Huidige versie van 13 jan 2017 om 11:29

Renaissance (14e-16e eeuw)

Vrijwel iedereen kent Bløf, de in Nederland beroemde popgroep van Zeeuwse bodem. Maar ook al vóór Bløf werd in Zeeland volop muziek gemaakt. Sterker nog, deze provincie heeft een bijzonder rijk muziekverleden. De enige publicatie die op dit moment vrijwel heel het Zeeuws muziekverleden weergeeft, is een boek van P. Scherft, getiteld Een speurtocht door Zeeuws muziekverleden. Daarin blijkt dat opgravingen ons alvast een beeld geven van de Zeeuwse muziekgeschiedenis. Aanwijzingen zijn bijvoorbeeld muziekinstrumenten als mondharpjes, maar ook een tamboerfluitje uit de tweede helft van de 14e eeuw, afkomstig uit Aardenburg. Ook zijn enkele keramische blaasinstrumenten opgegraven.

Voorts wordt in officiële stukken uit de 14e eeuw melding gemaakt van openbare optredens door muzikanten in Zeeland. Dat gebeurde bij kerkelijke plechtigheden. Veertig of meer muzikanten werden bij dergelijke muziekevenementen ingezet. Deze stoet trok langs de straten. “Naast de meesters ‘van den vedelen’ zag en hoorde men die ‘van de ghitaernen’, van de ‘sautelien’ en de ‘rebeeke’ (tokkel- en strijkinstrumenten). Pijpers, trompetters, zangers en zelfs een spreker waren erbij, het jaar daarop [1366] ook schalmeiblazers. In 1373 werden ook twee portatieforgeltjes in de stoet meegedragen” (Scherft, p. 1). Wereldlijke feesten werden trouwens ook door stadsmuzikanten opgeluisterd.

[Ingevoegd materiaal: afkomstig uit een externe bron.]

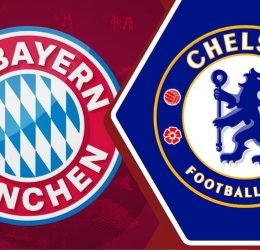 Bayern Munich vs Chelsea (Photo Credit: Softfootball Media)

De meeste muzikanten in die tijd waren vrije kunstenaars die schnabbelend door het leven gingen. De Zeeuwse steden hadden vooralsnog alleen trompetters in vaste dienst. Later was er ook sprake van muzikanten die andere instrumenten bespeelden. Te denken valt bijvoorbeeld aan carillonisten en stadsorganisten. In 1614 had St. Maartensdijk acht muzikanten in dienst en Zierikzee in 1797 zelfs zestien. Zulke muzikanten speelden dansmuziek op feesten, gaven les, traden op voor burgers, maar lieten ook edellieden op hooggelegen kastelen van hun oorstrelende kunstbeoefening genieten.

Vierstemmige puzzelcanon Ave Maris Stella, door Danckerts op een schaakbord genoteerd (foto: Encyclopedie van Zeeland)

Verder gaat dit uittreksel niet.